The River Tas
The River Tas, which rises
two miles east of New Buckenham and then flows northwards for about 20 miles
before joining the River Yare at Trowse, has had a number of different
spellings over the years. These have included the Tass, Taas, Tase, Taese, Tees
and Taus. However, whilst it has given its name to the surrounding area, the
Tas Valley, there is still a debate as to whether the river took its name from
the village of Tasburgh or whether its name predated the village whose name it
took, as the fortified settlement on the Tas. Either way the river has been an
important influence on the history and development of the village. Indeed
without the river and its valley the settlement pattern would have been
different and there would have been no hill fort enclosure.
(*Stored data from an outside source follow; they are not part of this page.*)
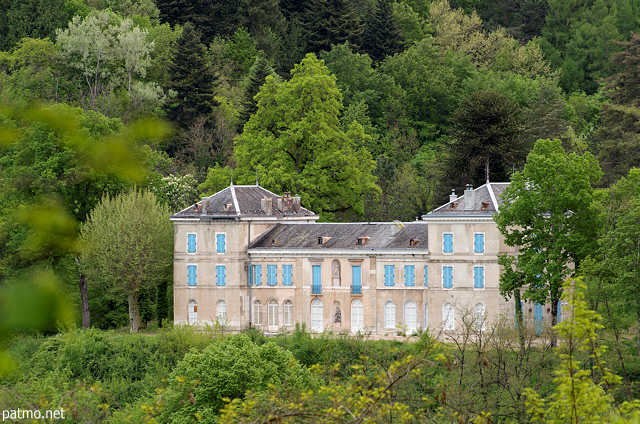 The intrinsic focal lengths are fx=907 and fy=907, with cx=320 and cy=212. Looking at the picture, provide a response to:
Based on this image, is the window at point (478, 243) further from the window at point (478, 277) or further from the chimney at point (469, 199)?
the chimney at point (469, 199)

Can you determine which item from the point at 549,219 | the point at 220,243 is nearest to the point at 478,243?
the point at 549,219

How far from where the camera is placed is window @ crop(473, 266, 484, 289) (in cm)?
4547

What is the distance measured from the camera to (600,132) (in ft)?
190

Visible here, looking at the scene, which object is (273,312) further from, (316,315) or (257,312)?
(316,315)

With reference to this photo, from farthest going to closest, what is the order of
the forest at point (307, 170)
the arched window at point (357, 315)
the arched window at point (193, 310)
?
the arched window at point (193, 310) → the arched window at point (357, 315) → the forest at point (307, 170)

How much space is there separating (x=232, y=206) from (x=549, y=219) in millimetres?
17569

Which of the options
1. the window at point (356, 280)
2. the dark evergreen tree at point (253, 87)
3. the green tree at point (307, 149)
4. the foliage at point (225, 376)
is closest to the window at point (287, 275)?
the window at point (356, 280)

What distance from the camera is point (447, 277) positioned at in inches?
1805

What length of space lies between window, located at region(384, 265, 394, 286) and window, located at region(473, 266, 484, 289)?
4356 mm

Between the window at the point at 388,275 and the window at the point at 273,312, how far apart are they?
641 cm

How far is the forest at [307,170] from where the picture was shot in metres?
9.81

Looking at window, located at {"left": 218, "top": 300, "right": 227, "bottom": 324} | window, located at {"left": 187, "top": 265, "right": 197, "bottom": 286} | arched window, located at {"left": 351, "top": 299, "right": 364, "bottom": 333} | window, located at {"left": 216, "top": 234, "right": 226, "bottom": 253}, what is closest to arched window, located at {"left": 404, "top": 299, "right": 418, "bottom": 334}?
arched window, located at {"left": 351, "top": 299, "right": 364, "bottom": 333}

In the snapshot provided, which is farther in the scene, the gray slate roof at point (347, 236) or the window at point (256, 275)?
the window at point (256, 275)

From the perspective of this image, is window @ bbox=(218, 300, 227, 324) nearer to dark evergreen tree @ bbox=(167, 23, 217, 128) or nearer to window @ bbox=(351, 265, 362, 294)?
window @ bbox=(351, 265, 362, 294) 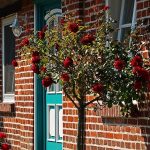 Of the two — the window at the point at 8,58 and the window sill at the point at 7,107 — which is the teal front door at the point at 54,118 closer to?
the window sill at the point at 7,107

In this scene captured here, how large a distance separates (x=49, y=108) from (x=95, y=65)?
132 inches

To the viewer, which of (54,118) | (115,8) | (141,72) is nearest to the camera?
(141,72)

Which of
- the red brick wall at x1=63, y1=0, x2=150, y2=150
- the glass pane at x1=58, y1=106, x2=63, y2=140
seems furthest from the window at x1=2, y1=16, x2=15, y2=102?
the red brick wall at x1=63, y1=0, x2=150, y2=150

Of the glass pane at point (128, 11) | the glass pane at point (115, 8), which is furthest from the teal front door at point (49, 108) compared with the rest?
the glass pane at point (128, 11)

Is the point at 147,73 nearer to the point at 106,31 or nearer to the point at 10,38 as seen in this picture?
the point at 106,31

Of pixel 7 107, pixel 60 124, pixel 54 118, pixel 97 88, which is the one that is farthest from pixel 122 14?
pixel 7 107

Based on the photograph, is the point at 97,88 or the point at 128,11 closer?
the point at 97,88

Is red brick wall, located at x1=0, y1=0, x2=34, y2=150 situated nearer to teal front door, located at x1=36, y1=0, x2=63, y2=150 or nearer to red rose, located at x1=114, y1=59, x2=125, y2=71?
teal front door, located at x1=36, y1=0, x2=63, y2=150

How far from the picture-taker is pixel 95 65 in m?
7.08

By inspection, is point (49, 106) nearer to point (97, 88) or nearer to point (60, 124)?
point (60, 124)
With minor diversions, the Tas marks the north western boundary of the parish, with its tributary from Hempnall forming the south western boundary, but those diversions arose for particular reasons and are of historical interest. Working from north to south, the first variation was probably made after the old village of Rainthorpe had been abandoned in the 14th century. A new Rainthorpe Hall was built on the bank of the river but on the other side from Tasburgh and the parish boundary was moved so as to include the hall as part of the village. However when the hall burned down in about 1500, there was no further adjustment made for its replacement, the present Rainthorpe Hall, which is therefore part of the parish of Flordon. The second variation is where the Hempnall stream joins the main river coming in from Tharston. The parish boundary has been extended across the river to enclose an area of higher ground commanding that junction and it was there that the Lord of the Manor had his house and adjoining chapel of St Michael in the 13th century and probably before then. It is thought that when house and chapel were abandoned, a new Manor house was built on the higher ground to the south of the junction of Low Road and Hapton Road because another boundary adjustment includes Hall Farm and the field behind which is then joined in to the parish by a narrow strip of land which crosses the meadow opposite Tasburgh Hall front gates. The fourth variation which may have been made as late as the 1780s means that instead of the boundary following the line of the Hempnall stream to the north of Tasburgh Hall, it diverts and runs across the south front of the building, in the same way as there was an alteration to include the former Rainthorpe Hall. However the result is that most of the garden of Tasburgh Hall lies in Tharston!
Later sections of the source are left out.